Another myth has just been busted. Negative headlines about the elderly feeling lonely abound in the media – all too often the two Ps are presented as though they’re inextricably linked (Pensioners and Problems). But according to the Office for National Statistics, older people are actually the happiest members of society and have a good sense of their self-worth.
Of course, we seniors won’t be able to gloat about this, for fear of alienating the under-35s, one in five of whom (according to the ONS) are suffering from depression, anxiety, limited job satisfaction, and a lack of somewhere to live away from their parents.
While all this may be true, and a scarcity of affordable housing continues to have a hugely negative impact on society, should older people go around feeling guilty that they living in their own homes, enjoying holidays and learning new skills?
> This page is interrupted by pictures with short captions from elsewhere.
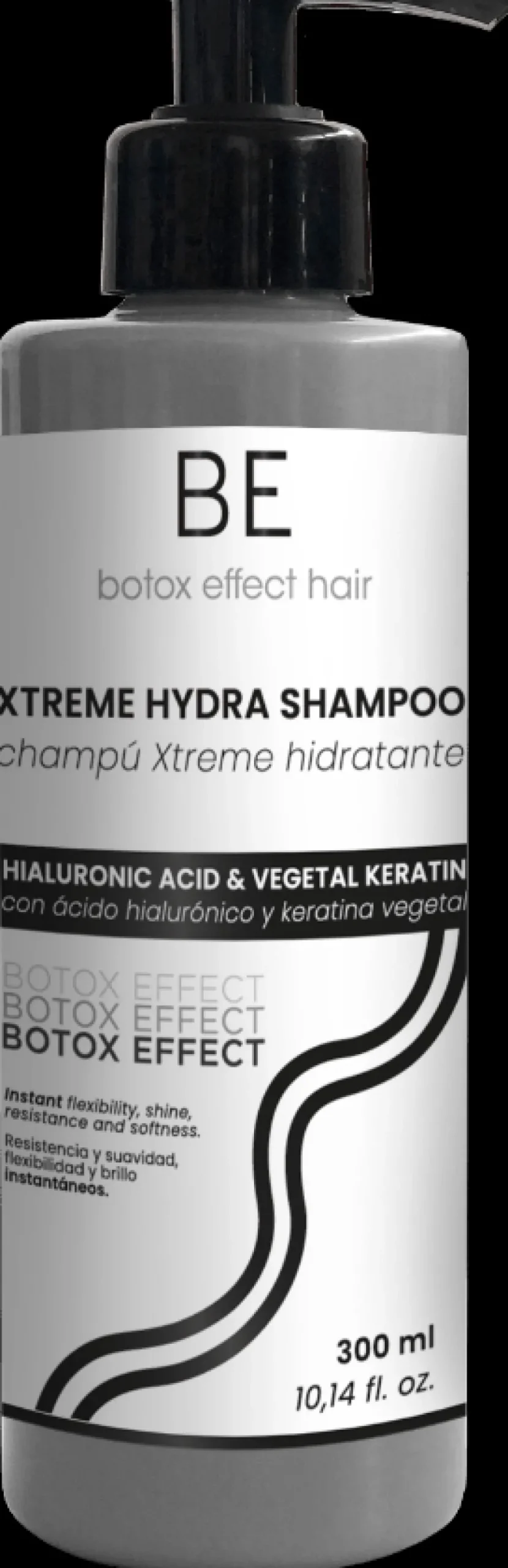 B-Botox - Hydra Xtreme Botox Effect Kit - 900 ml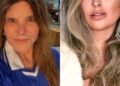Cristiana Oliveira celebra aniversário de 39 anos da filha com homenagem nas redes sociais 2 Cristiana Oliveira celebra aniversário de 39 anos da filha com homenagem nas redes sociais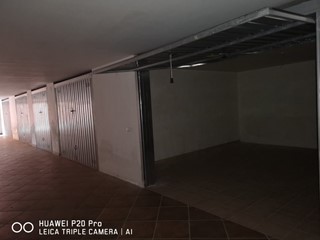 Box in Vendita a Pizzo, zona Marinella, 7'000€, 25 m²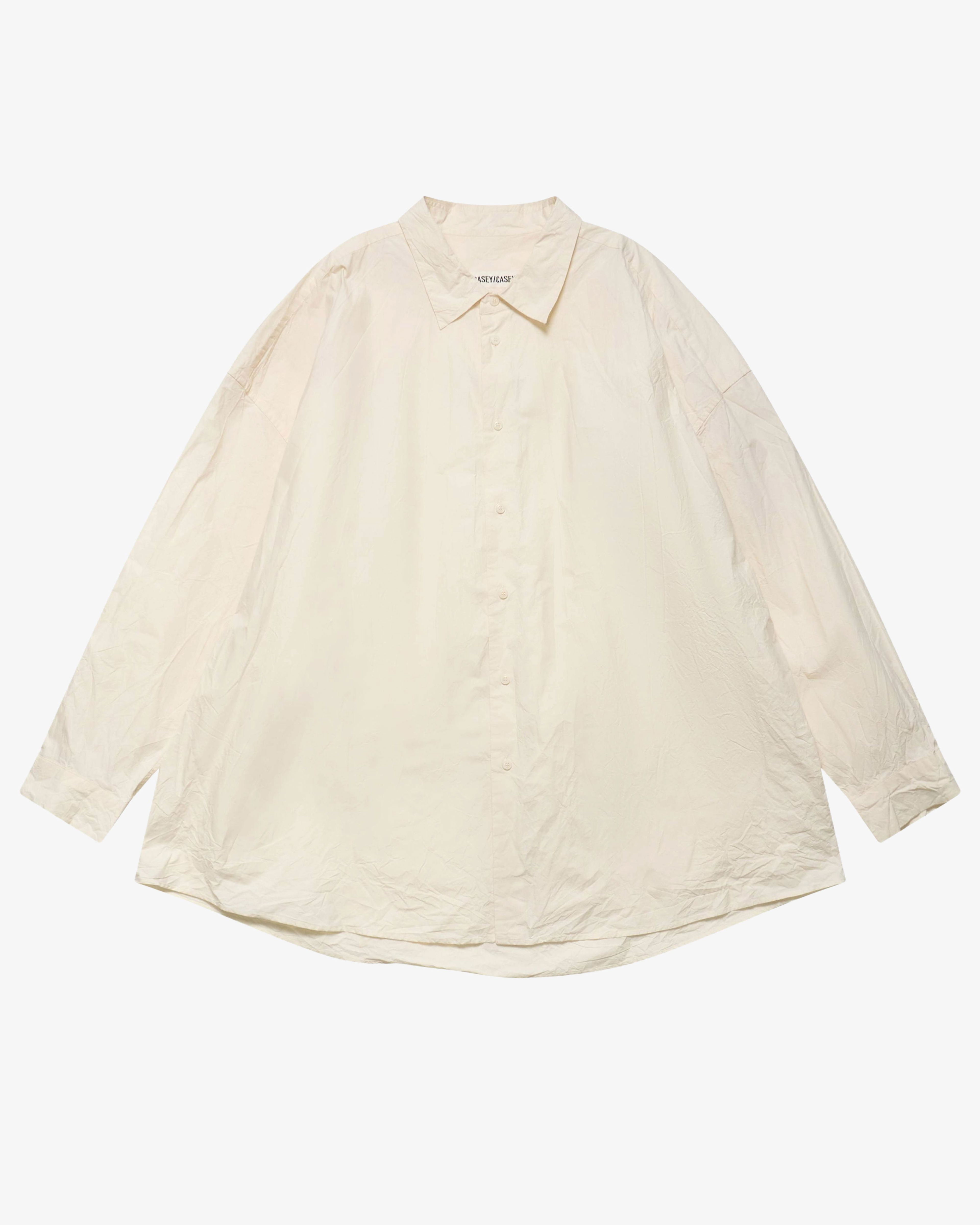 CASEY CASEY - Men's H Cot - (Natural) by CASEY CASEY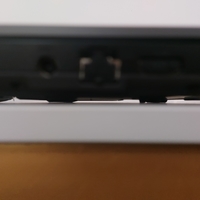 Asus TUF GAMING F15 FX507Z High laptop legs - Thumbnail 6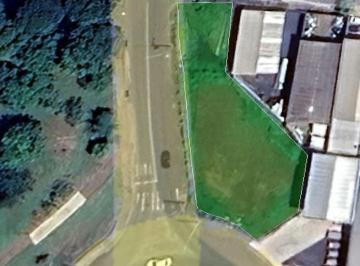 Terreno · 771m² · Terreno à venda, 771 m² por R$ 1.080.000,00 - Daniel Fonseca - Uberlândia/MG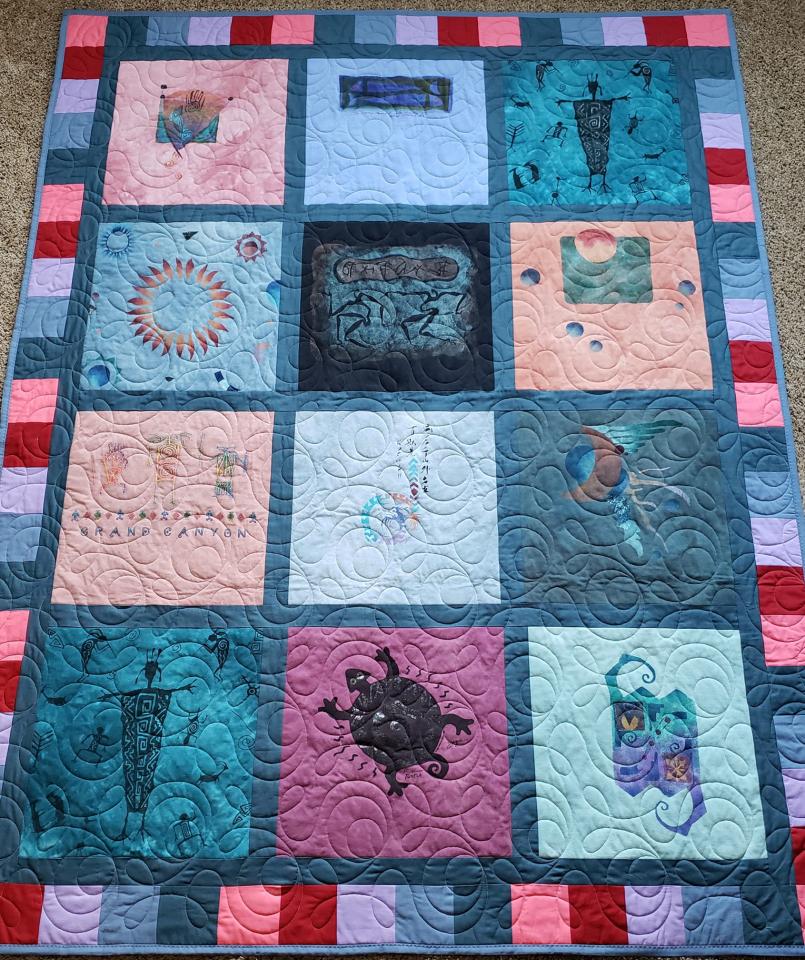 Quilt Rich In Sioux Falls SD Gallery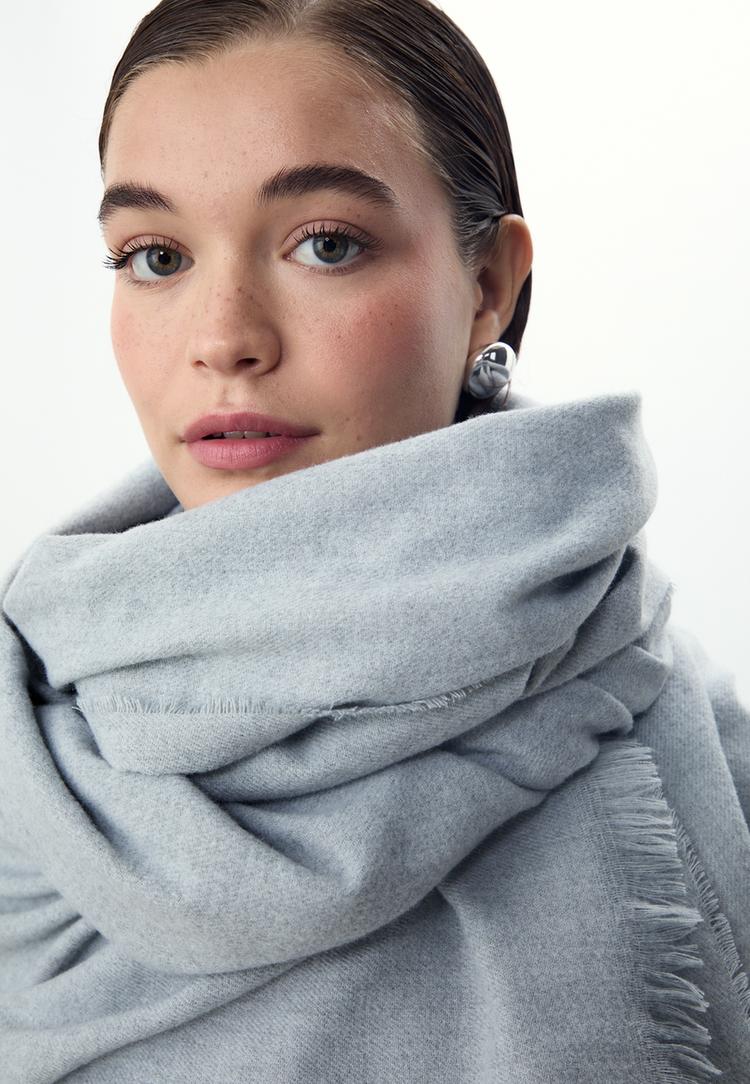 basic scarf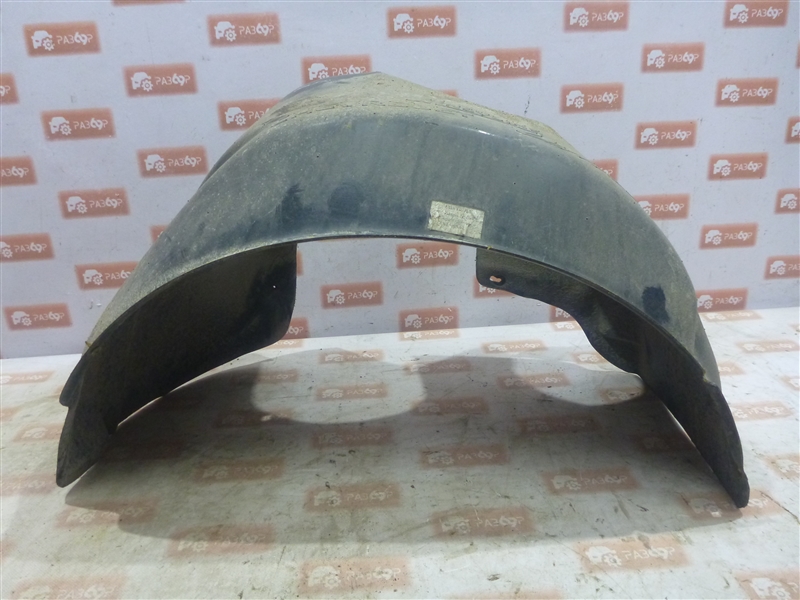 Купить Подкрылок Передний На Шевроле Каптива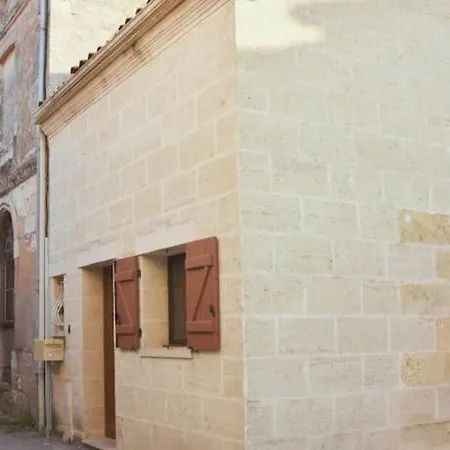 Maison De La Gaite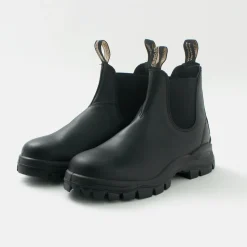 BLUNDSTONE / LUG BOOT Side Gore Boots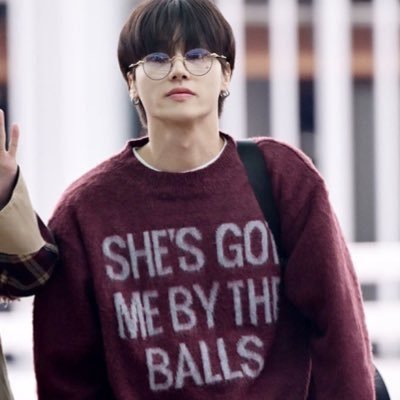 • hi • :) • 27 • ateez ~ svt ~ bts • 17rh bkk + bts 190406 • neurospicy • 🏳️🌈•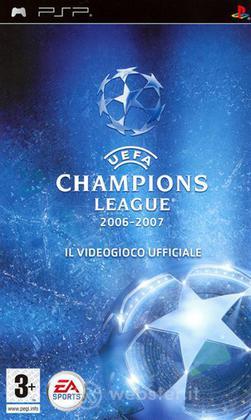 Uefa Champions League 07 Uefa Champions League 07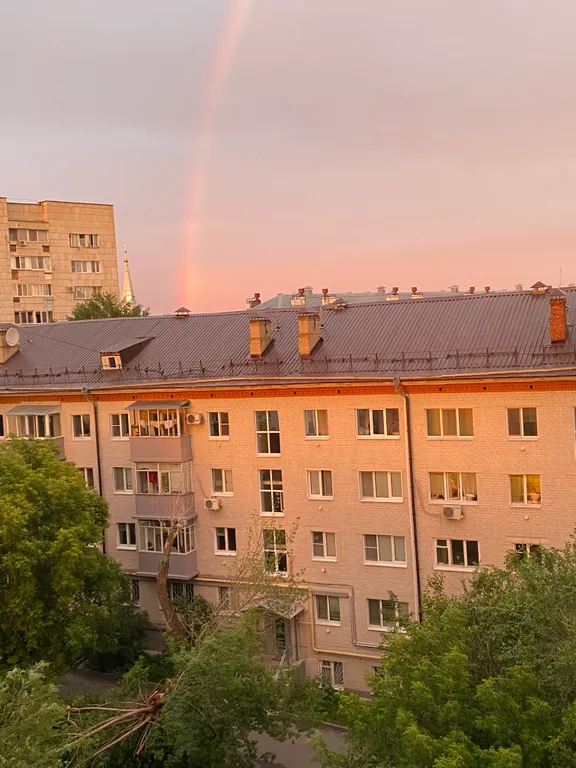 Квартира Однокомнатная квартира в историческом центре города — Казань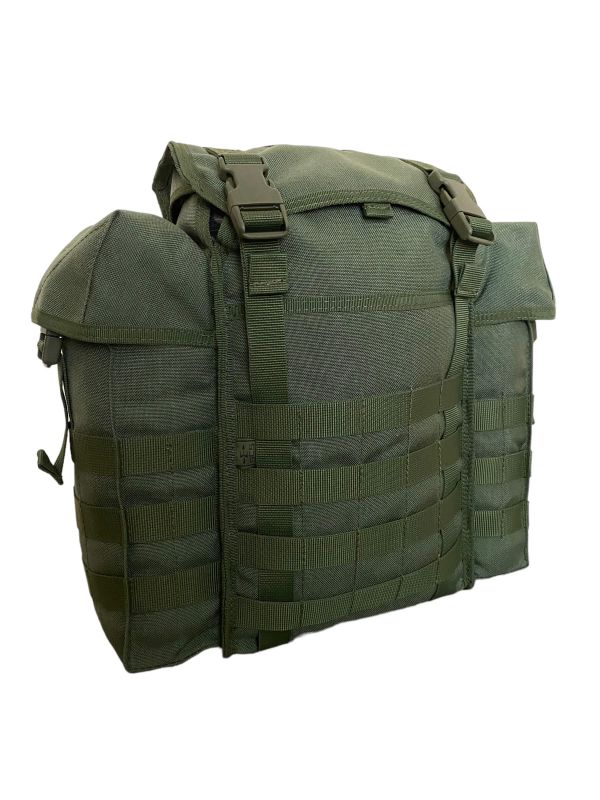 Рюкзак десантника РД-54К (олива)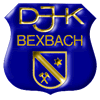 Wappen / Logo des Teams DJK Bexbach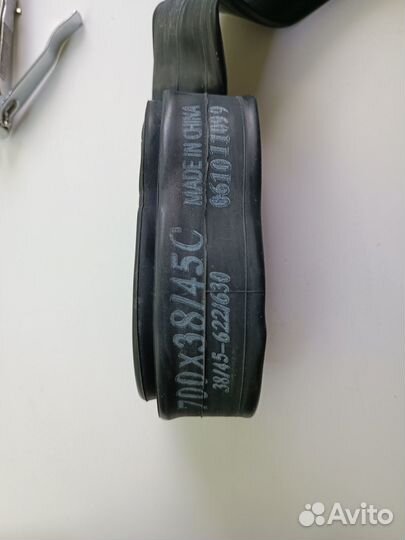 Велосипедные камеры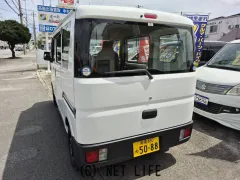 スズキ エブリイ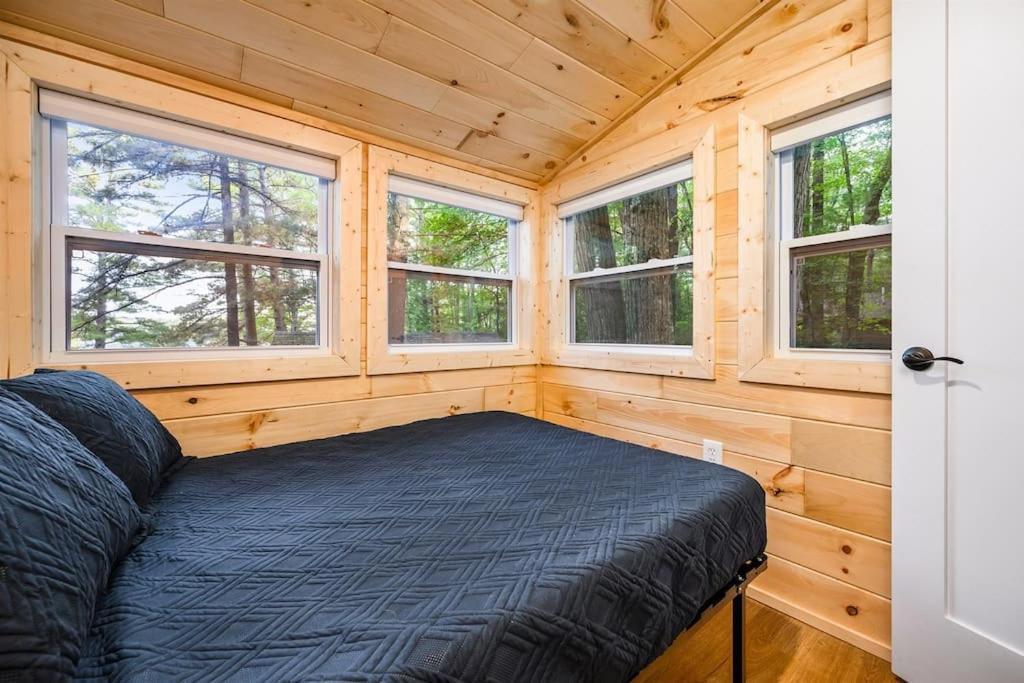 Arbutus Lake 3 Bedroom Cottage Traverse City Luaran gambar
I get up each morning feeling extremely happy to be alive. I suffer from no guilt, having worked continuously from the age of 21. Youth has one advantage, though: young people can actually get straight out of bed in the morning, bend their knees, run for the bus and take the stairs at the station or the office two at a time.
The only downside to ageing is lack of mobility. First thing every day, I operate at a snail-like pace, shuffling along until my knees have loosened up. Pre-10am, I feel about 85; between 11am and 5pm, I’m 24; and then it’s a slow slide back to over 60 by 11pm, when I start to switch off.
Truthfully, surveys which try to compute physical fitness and mental wellbeing can never be accurate, unless they are measured on an hourly basis. By the way, according to a new study, old people still grow as many new brain cells as the young – so calling us forgetful and vague is perpetuating another patronising myth we’d do well to get rid of.